A text came back from her husband’s phone late that night: “I will end you in the worst way possible.”
But it was the woman — and not her husband — who was hauled before a judge to endure stinging accusations and face charges.
She was either going to be branded a criminal, with prosecutors pushing for a 90-day jail term on the charge of assaulting a child in her care. Or she would walk free, her lawyer arguing that she was the real victim in this case — the victim of what the judge described as a “disturbing” campaign of abuse.
The judge accepted as fact that she was the victim of an abusive and controlling relationship, though her estranged husband has denied abusing his wife. He has no criminal record and faces no current charges. Ottawa police declined comment, citing a policy preventing them from speaking about domestic abuse cases “so as not to further victimize.”
The complexities of the woman’s story are detailed through court records and multiple interviews by the Citizen. Legal scholars and advocates for survivors of domestic abuse say her story shows how a system meant to protect victims can just as easily work against them.
It was her husband who had first contacted authorities, telling them he had evidence that his wife had assaulted a two-year-old girl at the modest home daycare she operated.
He was the one who had collected that evidence, secretly planting hidden cameras around the home they shared.
He was also the one who first contacted the Citizen, suggesting coverage of the trial — which had received no media attention — and he sent along a copy of the incriminating video.
The video captures an ugly moment: The woman can be seen sitting on a couch before abruptly leaning across and pulling the child’s hair until the girl lands on her lap.
The incident is brief, spanning seven seconds, and the girl is then seen walking away, apparently unhurt as she continues playing with the woman’s youngest son.

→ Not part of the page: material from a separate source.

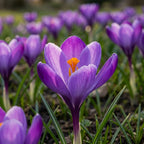 Krokus 'Flower Record Grossblumig' - 25 Stück - LumiBlumi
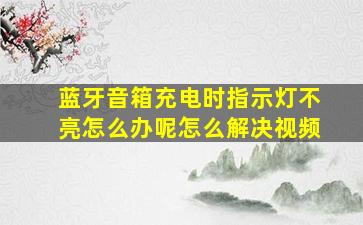 蓝牙音箱充电时指示灯不亮怎么办呢怎么解决视频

But what the cameras didn’t capture, the woman would later explain, were the years of abuse she said she endured.
Her husband kept the video, holding it over her as a form of blackmail, she said, until she finally left him.
That’s when he turned the tape over to the Children’s Aid Society, who notified police. She was eventually charged with one count of assault.
She pleaded guilty, praying for forgiveness from the young girl and her parents.
In July, the sentencing judge granted the woman a conditional discharge, ruling the assault was “completely out of character,” and had happened in part because of “the extreme stress she was under as a result of her husband’s abuse.”
Though the woman walked out of court free, “I’m not free,” she said.
“He harasses me in all the ways you can imagine, with texts, death threats,” she alleged. “And I’m afraid. I’m still so scared. I don’t know what’s next from him.”
Asked if he had ever threatened his wife, the husband did not respond to questions from this newspaper.
The 39-year-old woman’s identity is not shielded by a publication ban in the court case, but the Citizen is not naming her because she has expressed fear for her safety.
The woman still has limited contact with her husband — they are separated but share custody of their three sons, ages 6, 12, and 13, and are currently in the midst of family court proceedings.
The Citizen is identifying the husband only by his initials, J.N., because the woman says she fears identifying him will lead to violence.
That fear stems from what she alleges was a concerted effort by her husband to have her thrown in jail to gain sole custody of their children.
After she left J.N., she alleges he leveraged the Children’s Aid Society, Ottawa police, Crown attorneys and the court system all in an effort to ruin her.
“That was the whole plan for him. I go to jail and he has the kids,” she alleges. Questions posed to J.N., asking if this was his plan, were not answered.
One text from J.N.’s phone, entered as evidence in court, read: “I will not rest until I have the kids to myself and you underground.”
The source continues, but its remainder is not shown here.